Showing posts with label ACI leaf replacement.. Show all posts
Showing posts with label ACI leaf replacement.. Show all posts

Tuesday, 28 April 2026

How to Safely Decommission a Leaf Switch in Cisco ACI — Step-by-Step Guide with Checklist

 Decommissioning a leaf switch in a Cisco ACI fabric is a high‑impact operational activity. Doing it correctly avoids outages, policy corruption, ghost nodes, and rediscovery issues. Doing it incorrectly can result in traffic loss, unresolved faults, and extended downtime.

Many engineers think decommissioning a leaf is as simple as clicking a button in APIC. In reality, Cisco ACI follows a strict dependency and lifecycle model, and a leaf must be carefully prepared before removal.

This blog explains how to decommission a leaf switch from an ACI fabric safely, with real‑world checks, APIC steps, CLI verification, and best practices. It is written for production environments, troubleshooting scenarios, and interviews.


What Does “Decommissioning a Leaf Switch” Mean in ACI?

In Cisco ACI, decommissioning a leaf switch means:

  • Removing the switch from fabric membership
  • Withdrawing all policies and certificates
  • Detaching the switch logically from the fabric control plane
  • Preparing it for power‑off, replacement, or reuse

Decommissioning is a logical operation, not just a hardware action.


Why Proper Decommissioning Is Critical

Incorrect decommissioning can lead to:

  • Traffic outages due to active endpoints
  • Broken vPC or port‑channel configurations
  • L3Out or BGP/OSPF failures
  • “Ghost nodes” still visible in APIC
  • Problems when re‑adding or repurposing the switch

In production data centers, a clean decommission is often part of:

  • Hardware refresh
  • RMA replacement
  • Capacity rebalancing
  • Fabric redesign

Pre‑Decommission Checklist (Very Important)

Before you touch APIC, validate all dependencies. This is where most failures occur.

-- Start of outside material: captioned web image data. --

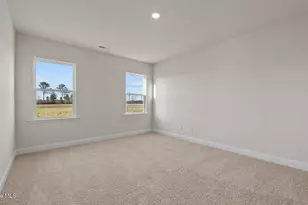 101 Brookberry Ct, Rocky Mount, NC 27804 - Photo 17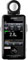 Sekonic L-478DR-EL LiteMaster Pro Light Meter best UK price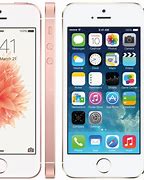 Image result for Difference Between iPhone SE and iPhone 5S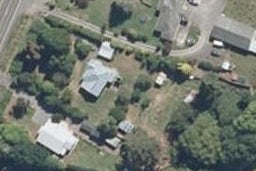 3732 Murimutu Road, HUNTERVILLE, Hunterville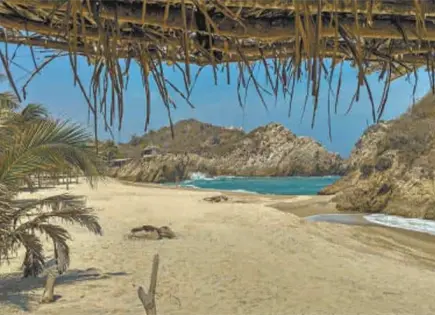 Tulum se consolida como destino de eventos mundiales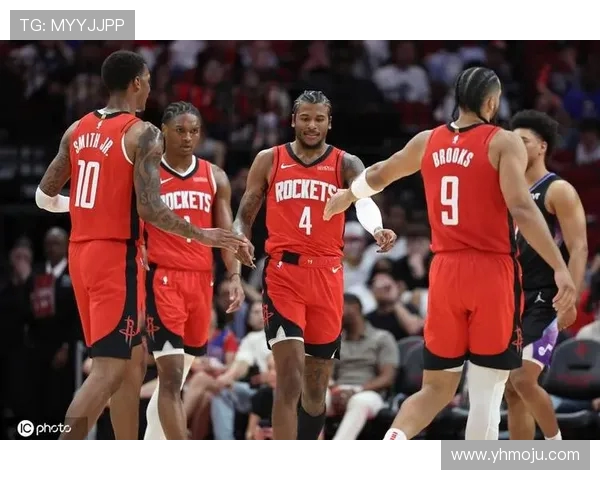 2019年2月3日火箭队与爵士队精彩对决录像回放全程回顾与分析 2019年2月3日火箭队与爵士队精彩对决录像回放全程回顾与分析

1. Confirm No Active Endpoints on the Leaf

A leaf with active endpoints must not be decommissioned.

APIC GUI path:

Fabric → Inventory → Pod → Node → Leaf → Endpoints

✅ Endpoint count should be 0

Optional APIC CLI:

Shell
moquery -c fvCEp | grep node-<leaf-id>

If endpoints are present:

  • Migrate workloads
  • Shut down ports
  • Move static bindings

2. Remove Static EPG Bindings

Static path bindings directly tie an EPG to a leaf port.

APIC GUI path:

Tenant → Application Profile → EPG → Static Ports

Remove:

  • Access ports
  • Port‑channels
  • vPC bindings

⚠️ A leaf with static bindings will fail decommission.


3. Handle vPC and Port‑Channels Properly

If the leaf is part of a vPC pair:

  • Remove vPC associations
  • Remove port‑channels
  • Ensure services are moved to the peer leaf

Never decommission one side of an active vPC without cleanup.


4. Check if the Leaf Is a Border Leaf (L3Out)

If the leaf is used for L3Out:

  • Remove it from:
    • Logical Node Profile
    • Logical Interface Profile
  • Ensure routing is functional on alternate border leaves
  • Verify BGP/OSPF is stable

Decommissioning a border leaf without migration can cause external connectivity outages.


Step‑by‑Step: Decommissioning a Leaf Switch from ACI Fabric

Step 1: Verify Fabric Health (Recommended)

Before removing infrastructure components, ensure fabric health is stable.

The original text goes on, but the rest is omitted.